公益法人の組織や人事は民間企業のそれと大きく差がある。本来組織は複数の労働者が本来の目的を速やかに達成し、成果を上げるためのものである。民間企業であれば、理念や目的、事業計画に準じて能力や情意に応じて人員を配置する。適正な人事は当初想定していた成果を上回る結果をもたらす場合も多くある。組織を円滑に運用するために、報・連・相などの情報の共有化や研修などの育成も行われている。また成果を客観的に評価するための人事評価システムも導入されている。そのような態勢にあるので、いろいろな能力を持つ社員が不安を持つことなく、業務に専念できることになる。社員が何をすればいいか・・具体的に分かることが重要なことである。

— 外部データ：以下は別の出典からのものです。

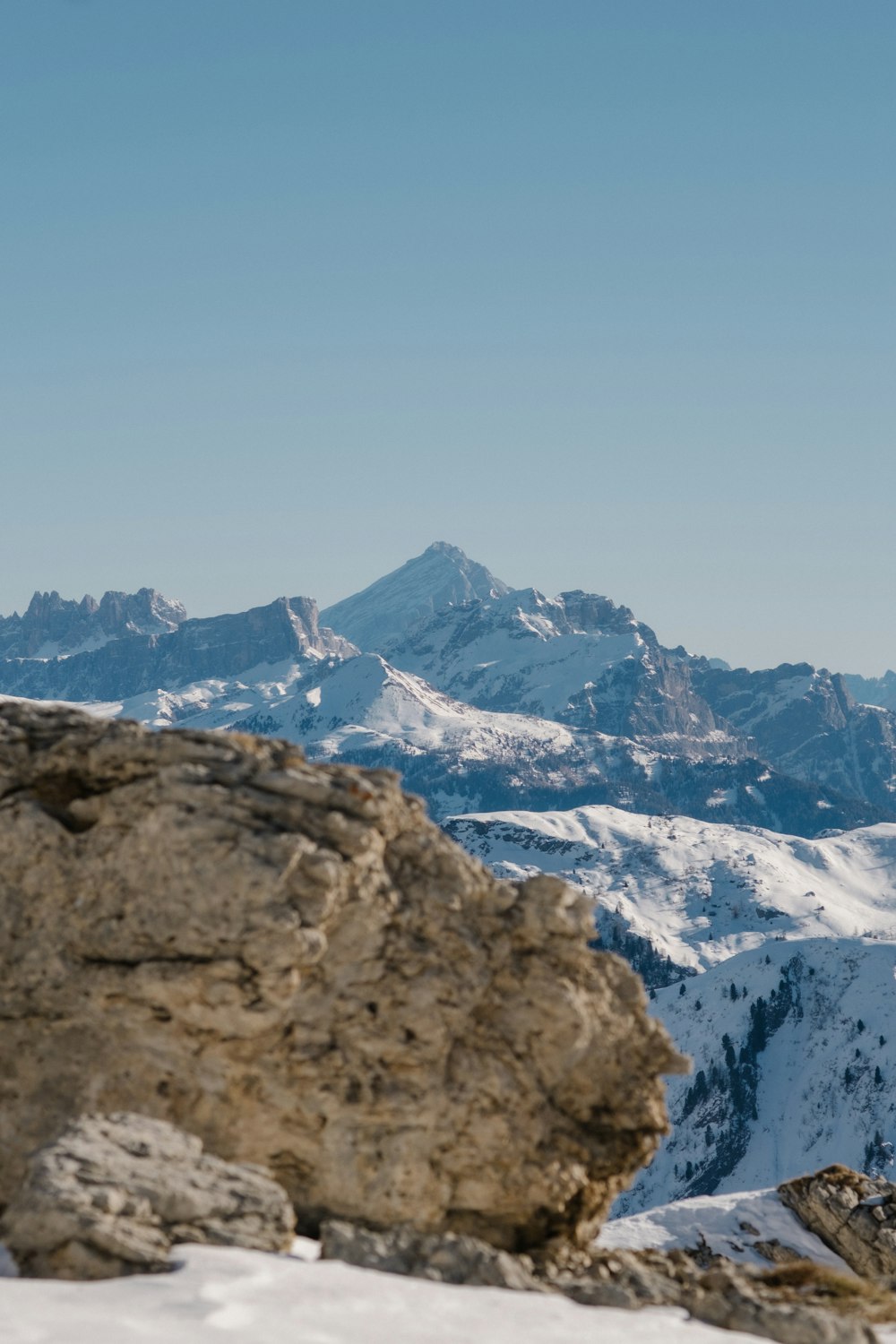 a person standing on top of a snow covered mountain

障害福祉の分野も本来であれば、これと同様で理念や目的、事業計画が作られ、それを達成するための人事や組織作りが行われていなければならない。公益法人の理念や目的には事業とともに、「活動」の要素が含まれるので、1年や2年の短期で実現できるものではない。そのために民間企業よりも綿密な長期計画を作成し、継続して目標を遂行する必要がある。ただ現実はそのような客観的で論理的な組織づくりや運用にはなっていない。特定の方(企業では創業者)の“思い”が先行する場合が多々ある。これはNPOなどの市民活動を行っている団体でも多くみられる。個人の腕力で起業し、業務や活動をしている。そのために“特定の方”の考え方で理念や目的や業務や活動が変異する。また特定の方の高齢化で業務がとん挫するケースも多々ある。
よくNPOや福祉には若くて優秀な人材がなかなか来てくれない・・との意見を伺う。現状を評価していくと、若者が来て、人生の多くの期間を費やするにふさわしい態勢ができていない、受け入れ準備ができていない。そのためには、もう一度起業時に立ち返って、理念や計画を再確認し、目標を達成するためになにが必要であるか、そのためにはどのような人材が必要であり、彼らの能力と情意を維持し、高めていき、成果を上げることができる組織作りやマネージメントについて真剣に考え直す時期である。